▶ _THE DATA_
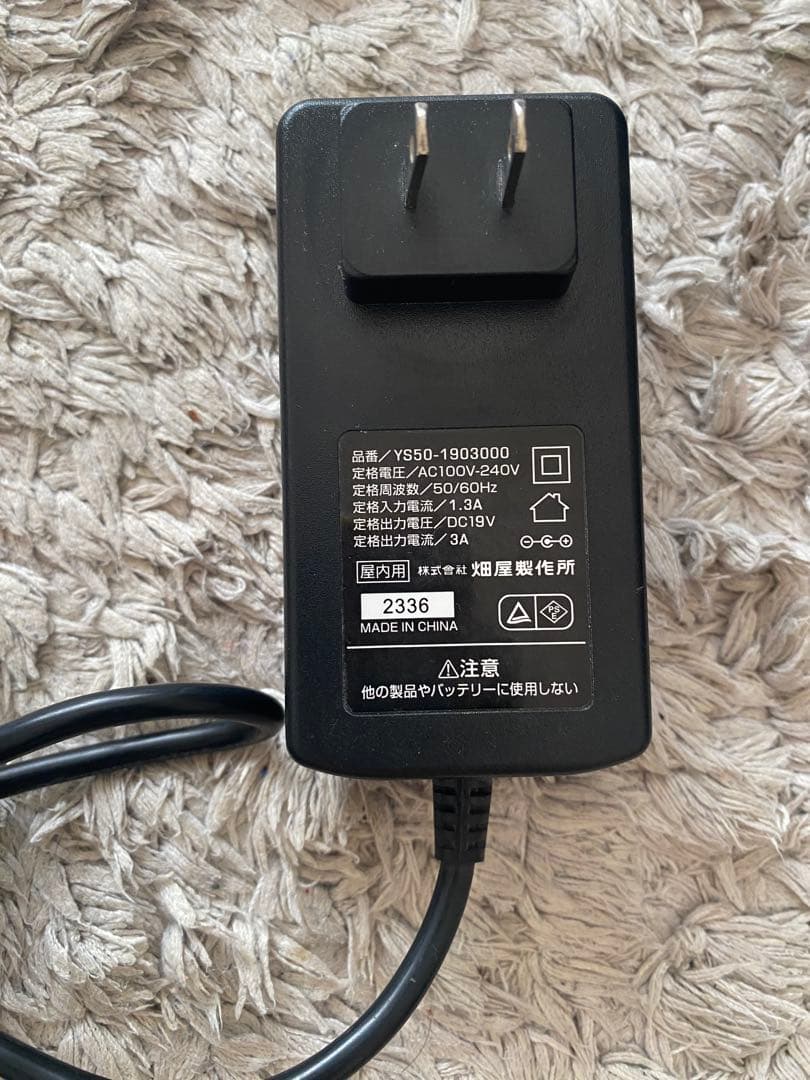 HATAYA 充電式LED投光器 LWK-SS-M マグネットスタンド付き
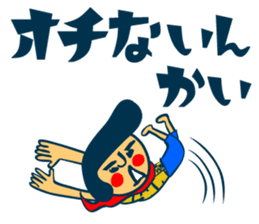 Habit boy stickers No.4 (KANSAI BEN) sticker #8543014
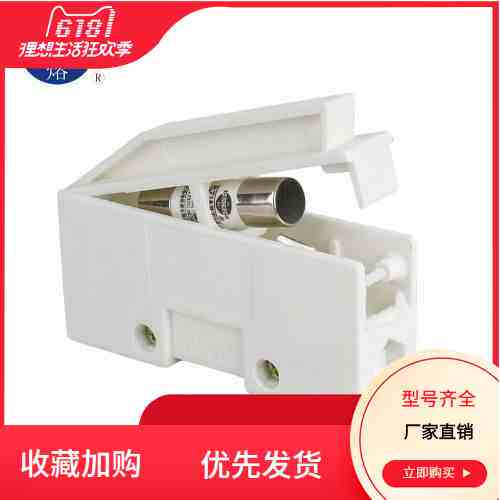 正浩熔断器 RT14-32 圆筒帽形保险丝底座R016 RO16 &Phi;14*51mm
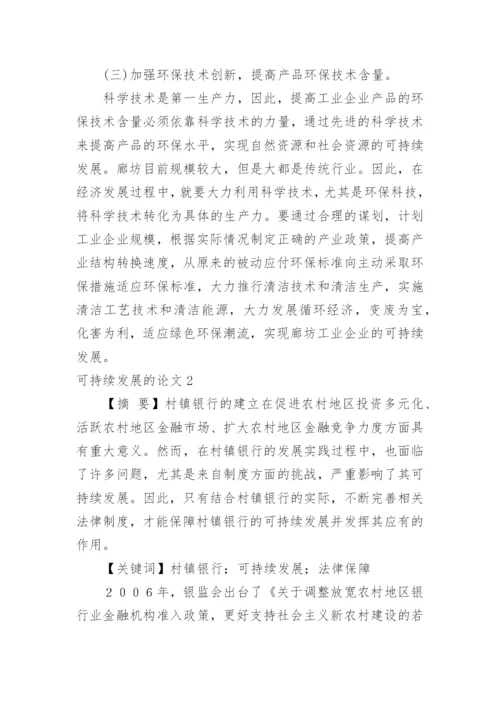 可持续发展的论文.docx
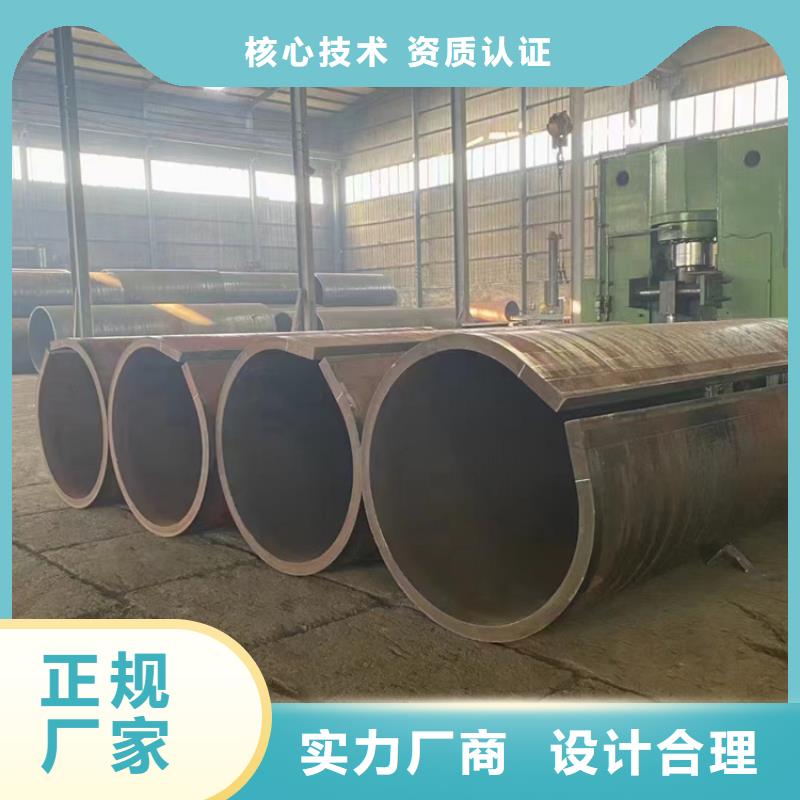 螺旋管无缝钢管厂家用心做好每一件产品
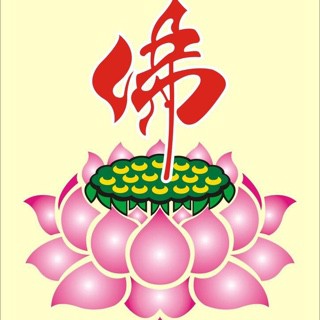心有莲花 与佛结缘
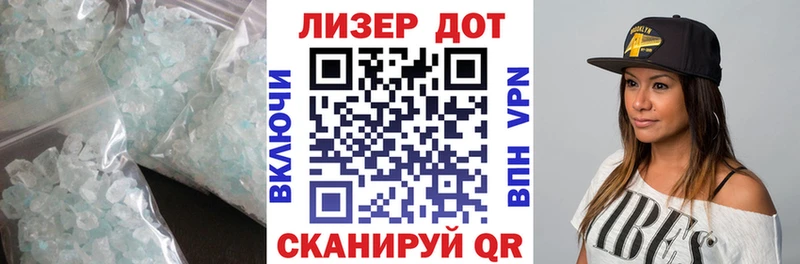 сколько стоит Грайворон Лсд 25 экстази кислота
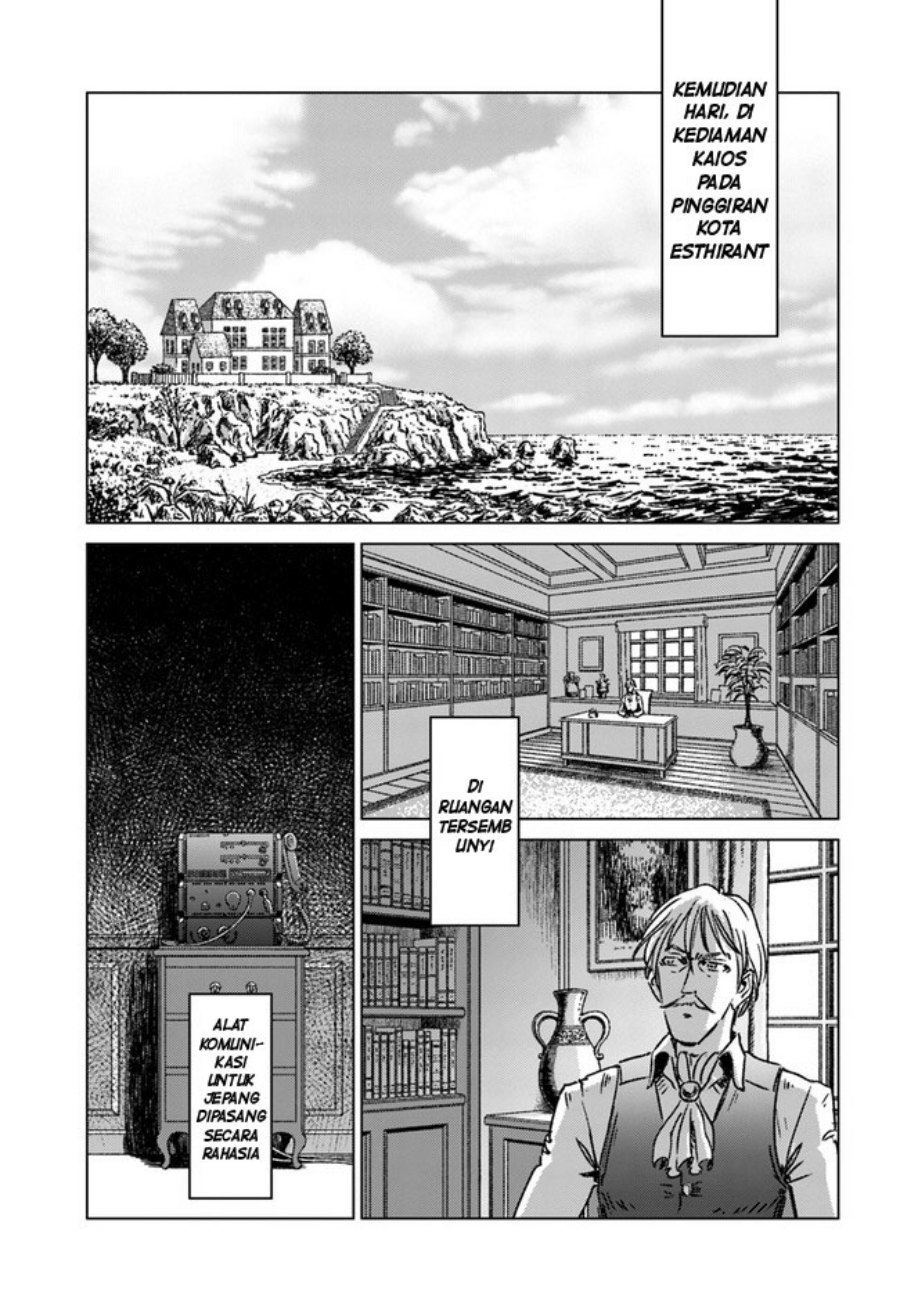 Nihonkoku Shoukan Chapter 37 Bahasa Indonesia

▶ _TASK TO COMPLETE_
Only the text of the listing should be returned, exactly and in full; no image goes into the copy.

▶ _ANSWER TO THIS TASK_
 HATAYA 充電式LED投光器 LWK-SS-M マグネットスタンド付き
 Habit boy stickers No.4 (KANSAI BEN) sticker #8543014
 正浩熔断器 RT14-32 圆筒帽形保险丝底座R016 RO16 &Phi;14*51mm
 可持续发展的论文.docx
 螺旋管无缝钢管厂家用心做好每一件产品
心有莲花 与佛结缘
 сколько стоит Грайворон Лсд 25 экстази кислота
 Nihonkoku Shoukan Chapter 37 Bahasa Indonesia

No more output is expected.